WHAT IS REQUIRED ::
With the exception of the pictures, transcribe the entire listing exactly.

DATA PROVIDED ::
+===+

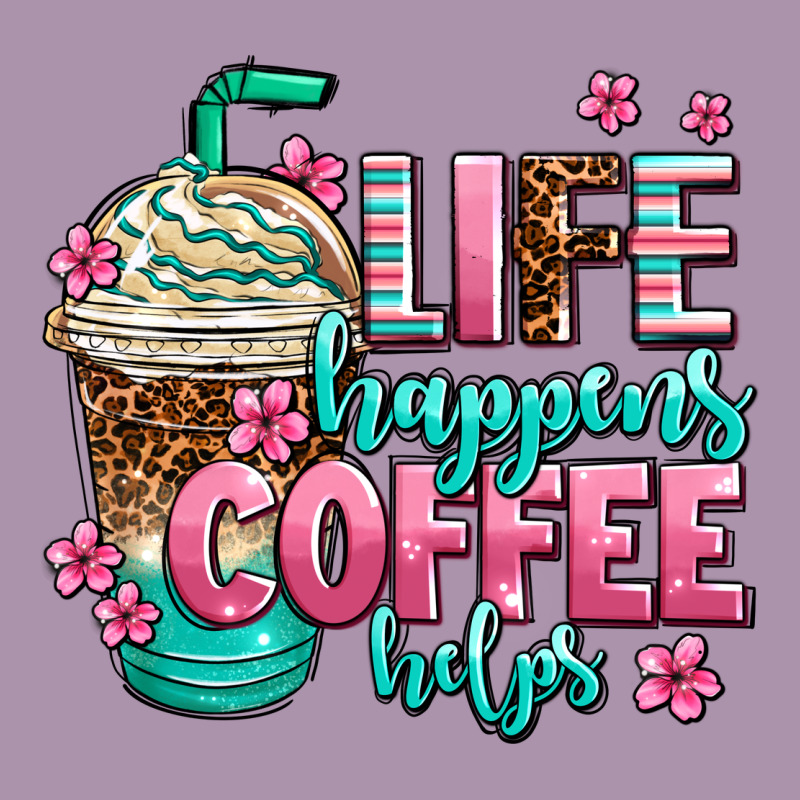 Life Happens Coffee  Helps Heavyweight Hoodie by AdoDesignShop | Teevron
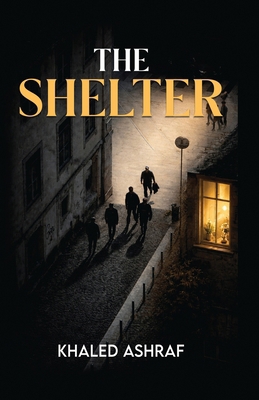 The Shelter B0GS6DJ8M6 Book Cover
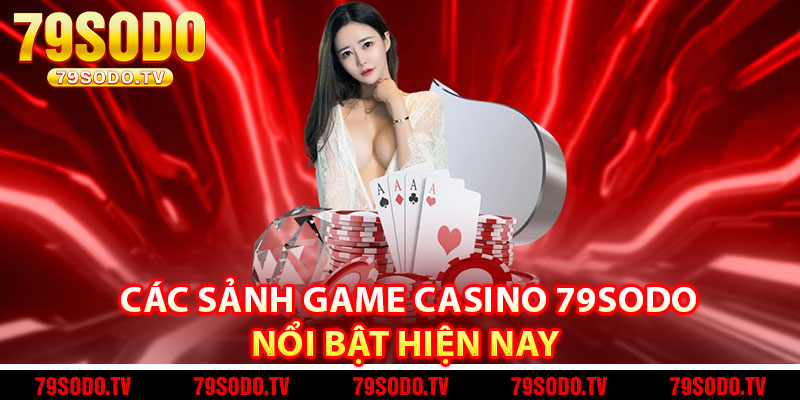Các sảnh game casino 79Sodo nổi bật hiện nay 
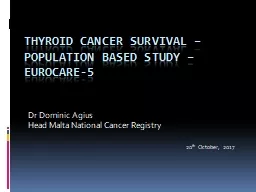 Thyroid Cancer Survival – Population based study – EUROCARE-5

+===+

WRITTEN ANSWER ::
 Life Happens Coffee  Helps Heavyweight Hoodie by AdoDesignShop | Teevron
 The Shelter B0GS6DJ8M6 Book Cover
Các sảnh game casino 79Sodo nổi bật hiện nay 
 Thyroid Cancer Survival – Population based study – EUROCARE-5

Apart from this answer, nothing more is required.